WASHINGTON – Finding the framers for a home that needs to break ground in October is, for many American builders, a process that starts in April. The lead times on skilled labor have stretched that far, and the consequence for the buyer waiting on the other end is not just delay: it is interest accruing on a construction loan, material costs fluctuating across an extended build window, and a closing date that keeps moving.
This is the part of the housing shortage that is rarely measured in the same news cycle as mortgage rates or inventory data. The National Association of Home Builders put numbers to it this month: the construction industry is short approximately 250,000 workers monthly, a figure that has reached as high as 400,000 during peak building periods.
The labor deficit is not a temporary gap. NAHB chief executive Jim Tobin called labor “one of the largest and most expensive inputs when it comes to home production and land development.” The shortage, at its current scale, is structural rather than cyclical, meaning it cannot be resolved by a single hiring push or a training initiative with a six-month timeline.
The Home Builders Institute, which runs apprenticeship programs for the construction trades, has put a specific cost on the labor constraint. President Ed Brady said the shortage adds nearly two extra months to building timelines, “inflating costs and delaying delivery.” Two months of additional construction time is not an abstraction.
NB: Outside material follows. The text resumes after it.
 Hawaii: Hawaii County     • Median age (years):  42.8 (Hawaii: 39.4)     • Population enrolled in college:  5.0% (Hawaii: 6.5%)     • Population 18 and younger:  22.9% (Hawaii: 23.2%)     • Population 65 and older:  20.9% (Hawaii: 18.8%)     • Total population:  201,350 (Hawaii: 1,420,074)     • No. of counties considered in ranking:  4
It is roughly sixty additional days of carrying costs for a developer, sixty days of materials exposure, and sixty fewer days of market time in a selling season that in many cities runs from March through July.
NAHB’s research has also quantified the regulatory contribution to the affordability problem. Federal, state, and local regulations add an estimated $132,000 to the price of a typical new home. That burden compounds the labor shortage: when baseline costs are already elevated, contractors cannot simply absorb the delay costs that come with a tight workforce. According to Fox Business, those two pressure points, labor and regulation, are combining to make the cost structure of new home construction structurally different from what it was a decade ago.

The scale of workers the construction sector needs is large enough to put the shortage in a category of its own. The Home Builders Institute estimates the industry requires approximately 723,000 new workers annually to address the current 1.5 million-home housing gap while also replacing those who retire or leave the trades. That is roughly the size of a mid-major American city entering the construction workforce every twelve months. The apprenticeship programs, technical colleges, and vocational pipelines that feed the trades are not producing graduates at anything close to that volume.
The political response to the housing shortage has focused primarily on the regulatory and financing side. The 21st Century ROAD to Housing Act became law in July without President Trump’s signature after he declined to sign it, calling it less important than his stalled election-integrity legislation. The housing law targets zoning restrictions and local permitting barriers. It does not include any workforce provisions.
The median home price reached a record $440,600 in May, and existing home sales fell for the 36th consecutive month as buyers priced out by high mortgage rates and limited inventory stepped back from the market. The shortage of affordable homes is well-documented. The labor shortage that prevents builders from producing those homes is less visible in the same policy conversations.
The workforce question carries a dimension that federal housing data does not track in granular terms. A significant share of construction laborers in the United States are foreign-born, and a portion of those workers are undocumented. Immigration enforcement actions in 2025 and 2026 disrupted worksites in several major construction markets. The NAHB data cited by Fox Business does not disaggregate the 250,000 monthly shortfall into documented and undocumented labor. How the current immigration enforcement posture affects the construction sector’s available workforce is a variable the industry discusses privately and federal housing policy has not addressed as part of any framework passed or proposed in 2026.
What would close the gap is also not straightforward. Prefabricated and modular construction can reduce the skilled-labor intensity of some building types, but the American market for factory-built homes has never scaled to the point where it offsets the demand for site-built housing in most metropolitan areas. Training programs take years to produce workers, not months. The 723,000-per-year target the Home Builders Institute has cited is a figure for which there is no credible pipeline in the current policy environment. The homes are not being built as fast as they are needed because the people to build them are not where the construction sites are, and no legislation passed or unsigned this year is changing that arithmetic.